Reproduce the data in its entirety, exactly as written.

## [SOURCE RECORDS]
============

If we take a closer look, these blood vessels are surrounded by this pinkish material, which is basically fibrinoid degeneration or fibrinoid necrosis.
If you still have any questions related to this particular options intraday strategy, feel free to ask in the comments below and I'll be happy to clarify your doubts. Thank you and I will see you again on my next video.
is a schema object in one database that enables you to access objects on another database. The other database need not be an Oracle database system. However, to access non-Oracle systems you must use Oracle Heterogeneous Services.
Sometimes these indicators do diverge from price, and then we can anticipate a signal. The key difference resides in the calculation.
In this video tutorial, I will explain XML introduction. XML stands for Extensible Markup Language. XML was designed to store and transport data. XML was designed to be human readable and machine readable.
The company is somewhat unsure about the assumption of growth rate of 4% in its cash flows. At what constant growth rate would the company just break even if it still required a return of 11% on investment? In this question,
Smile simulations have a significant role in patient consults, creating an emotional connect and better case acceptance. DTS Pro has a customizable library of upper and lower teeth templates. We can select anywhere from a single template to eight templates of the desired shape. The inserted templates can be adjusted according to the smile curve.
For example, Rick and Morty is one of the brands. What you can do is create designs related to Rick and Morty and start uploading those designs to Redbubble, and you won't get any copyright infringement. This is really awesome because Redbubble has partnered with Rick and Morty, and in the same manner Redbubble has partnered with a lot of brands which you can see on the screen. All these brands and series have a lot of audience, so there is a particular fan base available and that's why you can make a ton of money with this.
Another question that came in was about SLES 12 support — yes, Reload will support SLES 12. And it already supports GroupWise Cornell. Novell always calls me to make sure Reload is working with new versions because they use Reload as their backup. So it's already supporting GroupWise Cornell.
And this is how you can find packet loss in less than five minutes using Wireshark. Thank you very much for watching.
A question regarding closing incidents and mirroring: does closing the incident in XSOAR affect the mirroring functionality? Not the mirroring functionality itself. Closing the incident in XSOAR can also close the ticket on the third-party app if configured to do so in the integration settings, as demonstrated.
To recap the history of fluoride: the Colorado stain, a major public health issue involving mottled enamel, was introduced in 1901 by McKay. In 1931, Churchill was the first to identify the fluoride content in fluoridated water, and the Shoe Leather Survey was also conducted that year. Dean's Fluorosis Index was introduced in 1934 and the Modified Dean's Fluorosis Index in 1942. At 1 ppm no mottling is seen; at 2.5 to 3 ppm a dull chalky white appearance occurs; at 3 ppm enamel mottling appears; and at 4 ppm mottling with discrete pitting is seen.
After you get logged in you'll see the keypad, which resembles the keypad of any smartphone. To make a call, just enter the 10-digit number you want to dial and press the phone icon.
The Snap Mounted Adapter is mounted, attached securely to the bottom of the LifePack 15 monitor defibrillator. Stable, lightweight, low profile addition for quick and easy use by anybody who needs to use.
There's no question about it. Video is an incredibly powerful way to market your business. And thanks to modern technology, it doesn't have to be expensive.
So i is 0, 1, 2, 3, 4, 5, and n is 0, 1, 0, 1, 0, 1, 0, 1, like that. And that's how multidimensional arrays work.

============

## [WRITTEN SOLUTION]
If we take a closer look, these blood vessels are surrounded by this pinkish material, which is basically fibrinoid degeneration or fibrinoid necrosis.
If you still have any questions related to this particular options intraday strategy, feel free to ask in the comments below and I'll be happy to clarify your doubts. Thank you and I will see you again on my next video.
is a schema object in one database that enables you to access objects on another database. The other database need not be an Oracle database system. However, to access non-Oracle systems you must use Oracle Heterogeneous Services.
Sometimes these indicators do diverge from price, and then we can anticipate a signal. The key difference resides in the calculation.
In this video tutorial, I will explain XML introduction. XML stands for Extensible Markup Language. XML was designed to store and transport data. XML was designed to be human readable and machine readable.
The company is somewhat unsure about the assumption of growth rate of 4% in its cash flows. At what constant growth rate would the company just break even if it still required a return of 11% on investment? In this question,
Smile simulations have a significant role in patient consults, creating an emotional connect and better case acceptance. DTS Pro has a customizable library of upper and lower teeth templates. We can select anywhere from a single template to eight templates of the desired shape. The inserted templates can be adjusted according to the smile curve.
For example, Rick and Morty is one of the brands. What you can do is create designs related to Rick and Morty and start uploading those designs to Redbubble, and you won't get any copyright infringement. This is really awesome because Redbubble has partnered with Rick and Morty, and in the same manner Redbubble has partnered with a lot of brands which you can see on the screen. All these brands and series have a lot of audience, so there is a particular fan base available and that's why you can make a ton of money with this.
Another question that came in was about SLES 12 support — yes, Reload will support SLES 12. And it already supports GroupWise Cornell. Novell always calls me to make sure Reload is working with new versions because they use Reload as their backup. So it's already supporting GroupWise Cornell.
And this is how you can find packet loss in less than five minutes using Wireshark. Thank you very much for watching.
A question regarding closing incidents and mirroring: does closing the incident in XSOAR affect the mirroring functionality? Not the mirroring functionality itself. Closing the incident in XSOAR can also close the ticket on the third-party app if configured to do so in the integration settings, as demonstrated.
To recap the history of fluoride: the Colorado stain, a major public health issue involving mottled enamel, was introduced in 1901 by McKay. In 1931, Churchill was the first to identify the fluoride content in fluoridated water, and the Shoe Leather Survey was also conducted that year. Dean's Fluorosis Index was introduced in 1934 and the Modified Dean's Fluorosis Index in 1942. At 1 ppm no mottling is seen; at 2.5 to 3 ppm a dull chalky white appearance occurs; at 3 ppm enamel mottling appears; and at 4 ppm mottling with discrete pitting is seen.
After you get logged in you'll see the keypad, which resembles the keypad of any smartphone. To make a call, just enter the 10-digit number you want to dial and press the phone icon.
The Snap Mounted Adapter is mounted, attached securely to the bottom of the LifePack 15 monitor defibrillator. Stable, lightweight, low profile addition for quick and easy use by anybody who needs to use.
There's no question about it. Video is an incredibly powerful way to market your business. And thanks to modern technology, it doesn't have to be expensive.
So i is 0, 1, 2, 3, 4, 5, and n is 0, 1, 0, 1, 0, 1, 0, 1, like that. And that's how multidimensional arrays work.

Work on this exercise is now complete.